Collected data
= Beginning of Section =
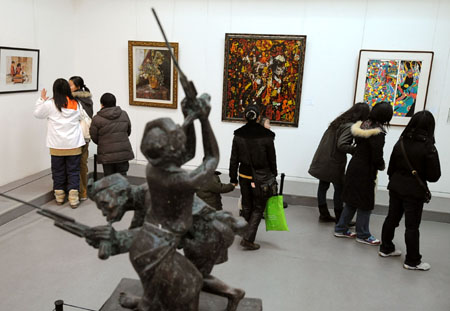 Visitors look at paintings drawn by university students at an art exposition held in Nanjing, east China&apos;s Jiangsu Province, Feb. 10, 2009. The 2nd National Arts Exposition & Performance for University Students, opened here on Tuesday, displayed over 400 works of university students around China, including paintings, sculptures, photos and other craftworks. (Xinhua/Sun Can)(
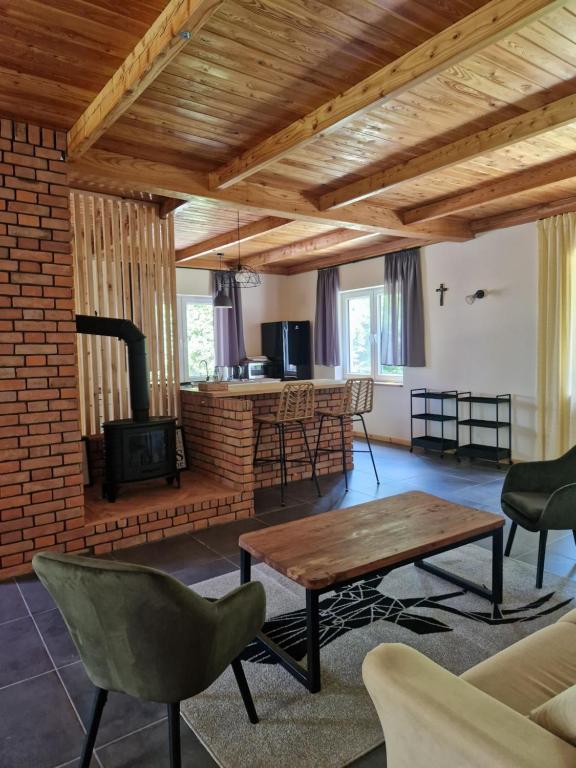 een woonkamer met een tafel en een open haard bij Siedlisko na Roztoczu in Szastarka
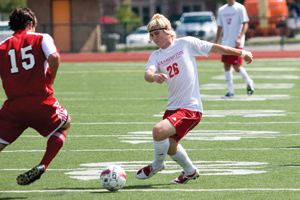 Sophomore Zach Hendrickson attempts to move around a Rhodes College player. The Bears on Sunday recorded a 1-1 double overtime draw, the team’s third tie of the season in just five games. (Paul Goedeke | Student Life)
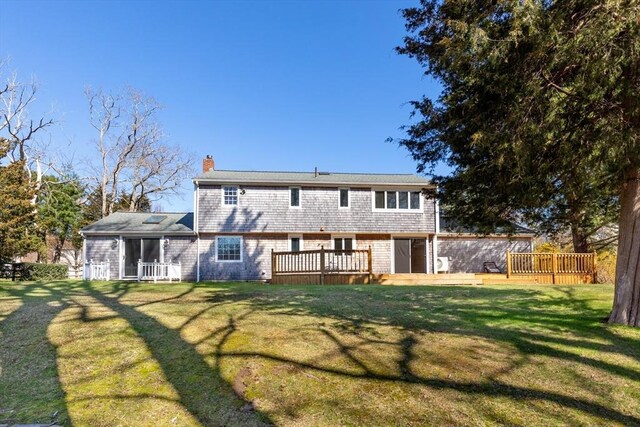 rear view of property with a lawn, a chimney, and a deck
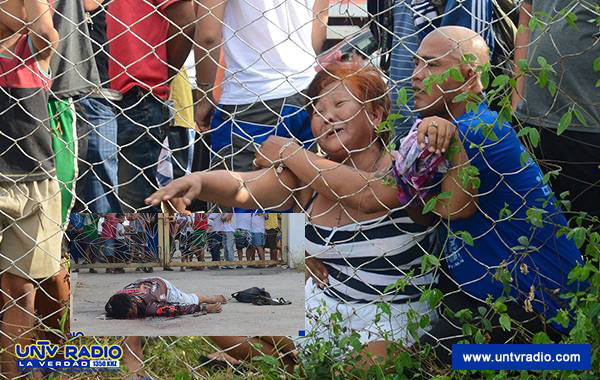 A loved one of a slain suspected member of the Pampanga-based Jimboy Santos crime group cries helplessly as she watches her loved one’s lifeless body (inset) on a shootout, June 20./UNTV Radio photo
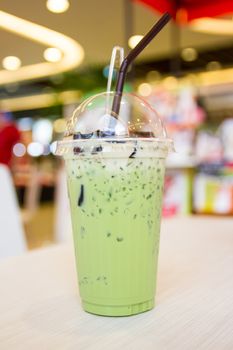 Ice milk green tea with grass jelly topping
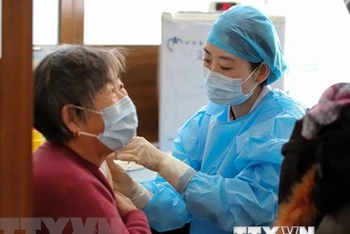 Nhân viên y tế tiêm vaccine phòng Covid-19 cho người dân tại tỉnh Sơn Đông, Trung Quốc. (Ảnh: AFP/TTXVN)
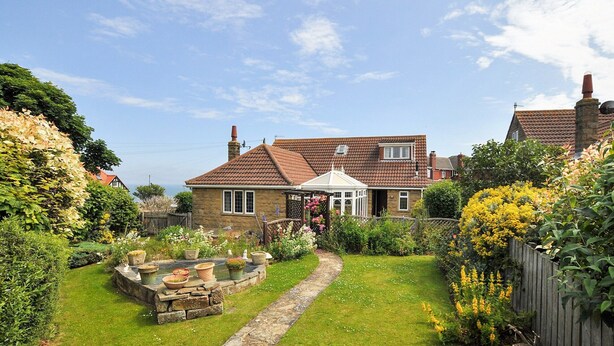 A stone house with a tiled roof, a garden with a stone pathway, and a wooden fence. - 4 bedroom accommodation in Whitby (Whitby)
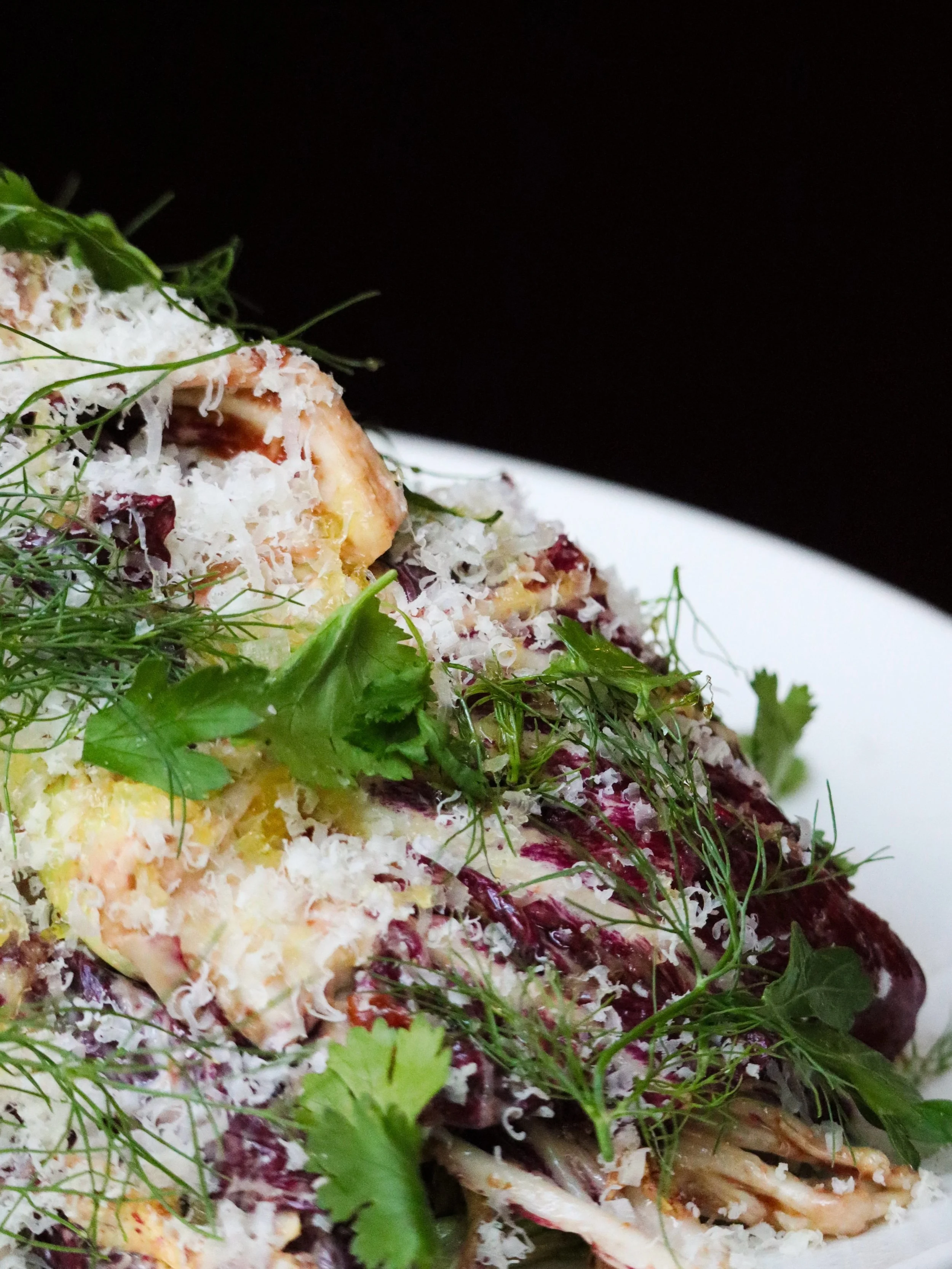 It&rsquo;s bright enough to refresh the palate, with enough character to hold its own alongside Sicilia&rsquo;s pastas and richer plates.

Bitter Greens is crisp radicchio coated in Caesar dressing, with tart cherry cutting through the richness of Pa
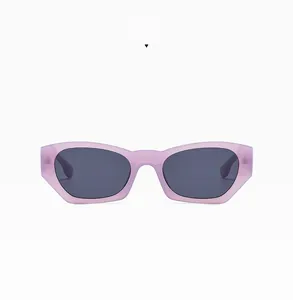 Close-up of jelly purple geometric wide-frame sunglasses with dark grey lenses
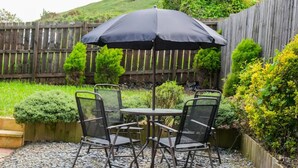 A patio area with a table and four chairs, an umbrella, and a wooden fence in the background. - South Shield Seaside Retreat (South Shields)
= End of Section =
* **WHAT TO WORK ON**
Your reply should consist solely of the lines above, from the opening line through the line with "rear view of", reproduced exactly and without pictures.

* **TASK SOLUTION**
 Visitors look at paintings drawn by university students at an art exposition held in Nanjing, east China&apos;s Jiangsu Province, Feb. 10, 2009. The 2nd National Arts Exposition & Performance for University Students, opened here on Tuesday, displayed over 400 works of university students around China, including paintings, sculptures, photos and other craftworks. (Xinhua/Sun Can)(
 een woonkamer met een tafel en een open haard bij Siedlisko na Roztoczu in Szastarka
 Sophomore Zach Hendrickson attempts to move around a Rhodes College player. The Bears on Sunday recorded a 1-1 double overtime draw, the team’s third tie of the season in just five games. (Paul Goedeke | Student Life)
 rear view of property with a lawn, a chimney, and a deck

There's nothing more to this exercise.